Bagi masyarakat Banjar, tentu lagu berjudul "Pambatangan" tidak asing lagi terdengar di telinga. Lagu ciptaan maestro musik Banjar bernama Fadly Zour (alm) ini merupakan salah satu lagu Banjar yang hingga kini masih digemari. Lagu yang berlirik sederhana dengan irama agak cepat ini memiliki makna yang begitu mendalam bila direnung-renungkan.
Syairnya yang sederhana itu pun mengandung makna simbolis yang hendak mengetengahkan makna dan perjuangan seseorang untuk meraih rejekinya masing-masing. Berbagai tantangan akan dihadapinya, namun mereka yang mempunyai keyakinan teguh akan berhasil meraih impiannya dengan memegang kuat prinsip "insyaallah ada harapan"!
Saya pribadi sangat meyakini bahwa prinsip yang berusaha diejawantahkan sang maestro lagu Pambatangan tersebut adalah sebuah kebenaran yang hakiki. Sebuah kebenaran yang tidak bisa dibantah, karena memang demikian realitas perjalanan seorang manusia dalam memperjuangkan hidupnya. Bila ada yang tertarik mendengarkan lagunya, bisa melalui Youtube dan menemukan beberapa versi aransemen lagu ini, salah satunya dari Band Radja yang asli urang Banua.
Oiya, saya ingin melanjutkan kisah tentang lelaki paruh baya di atas. Seperti biasa telapak tangan kanan saya secara reflek meraih lembaran uang di kantong jaket. Saat hendak menyerahkan uang tersebut kepada pengamen yang sedang menyanyi itu, mendadak saya teringat dengan "pesan istri" saya yang sudah saya kisahkan sebelumnya. Saya pun bermaksud memberikan sedikit rejeki saya pada pengamen jalanan itu setelah ia selesai menyanyikan lagunya.
Tanpa disangka-sangka, Ibu saya pun mengambil lembaran uang dari dalam dompetnya dan menitipkannya kepada saya. Di sini suasana "connecting happiness" kami rasakan bersama. Saat lelaki paruh baya itu pergi, Ibu kemudian berbagai cerita tentang kisah perjumpaannya dengan seorang nenek tua yang rutin bertandang ke rumah kami seminggu atau dua minggu sekali.

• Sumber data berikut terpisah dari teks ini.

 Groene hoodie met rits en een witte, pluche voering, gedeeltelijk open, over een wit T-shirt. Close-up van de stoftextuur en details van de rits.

"Memberi itu jangan menunggu punya harta yang banyak. Nenek tua yang datang ke rumah kemarin Ibu beri bekal mie instant, kopi, gula, teh, beras, dan sedikit uang," ujar Ibu sembari tersenyum. "Kasihan Nak, nenek itu sudah tidak punya siapa-siapa lagi."
Eh, di Sana Ada yang Traktir Es Krim!
Kisah ini terjadi beberapa tahun silam. Saat itu saya dan istri saya masih berstatus pacaran. Di suatu siang, istri saya mengajak saya untuk pergi ke sebuah depot es krim di pinggiran Kota Banjarmasin. Di depot ini biasanya selalu ramai dikunjungi kaum muda maupun anak-anak yang datang bersama orang tuanya.

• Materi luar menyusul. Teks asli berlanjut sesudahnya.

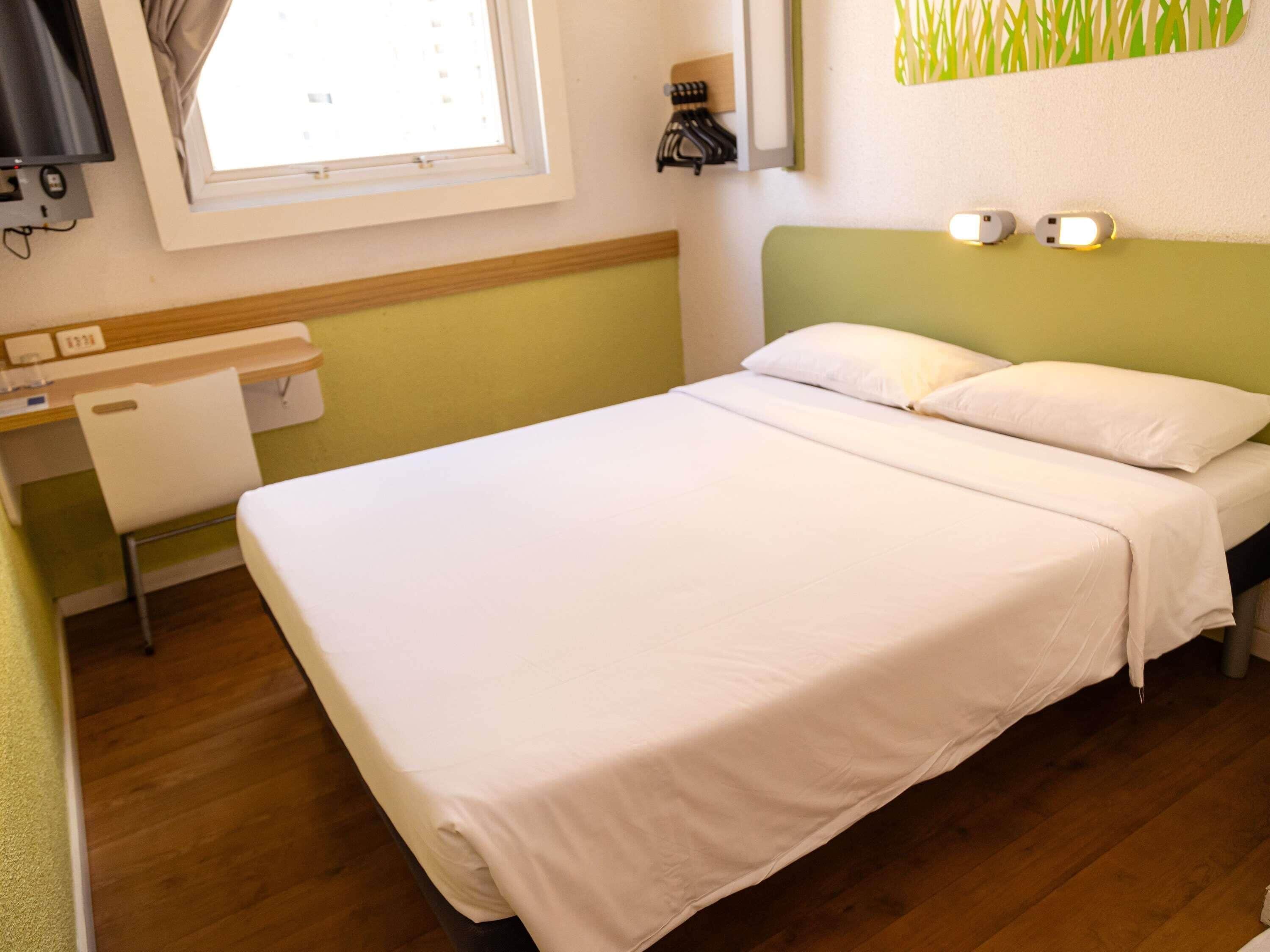 A single bed with white bedding, a desk with a chair, a window with curtains, and a wall-mounted light fixture.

Setelah memesan es krim kami masing-masing, kami kemudian menuju sebuah meja yang letaknya menghadap pintu masuk. Tiba-tiba di depan kami muncul sosok anak kecil berwajah lusuh yang menodongkan kedua telapak tangannya.
Spontan saya langsung berdiri dan menghampirinya. "Dik, ayo sini." Tanpa diberi aba-aba, anak kecil itu segera mendekat ke arah saya. Sesaat kemudian saya menggiringnya untuk mendekati meja kasir. "Nah, sekarang Adik boleh pesan es krim yang mana aja." ucap saya sambil tersenyum.

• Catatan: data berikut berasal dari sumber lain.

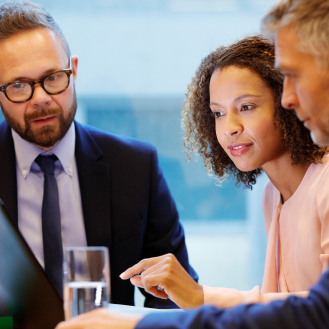 A financial professional showing two health care executives how Protective Executive 10-Year Term can replace a competitor plan.
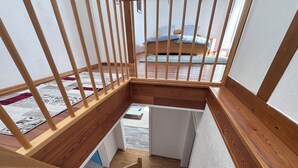 Een houten trap met een leuning, die leidt naar een kamer met een bed en een raam.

Bak mimpi kejatuhan rembulan, anak kecil itu sempat diam seribu bahasa. Kedua matanya berbinar  dan saya bisa menyaksikan kebahagiaan yang terpancar keluar dari sepasang mata bening itu. Setelah berpikir sejenak, dia kemudian menunjuk salah satu menu es krim yang gambarnya terpajang besar di tembok. "Yang itu aja, Kak!" serunya.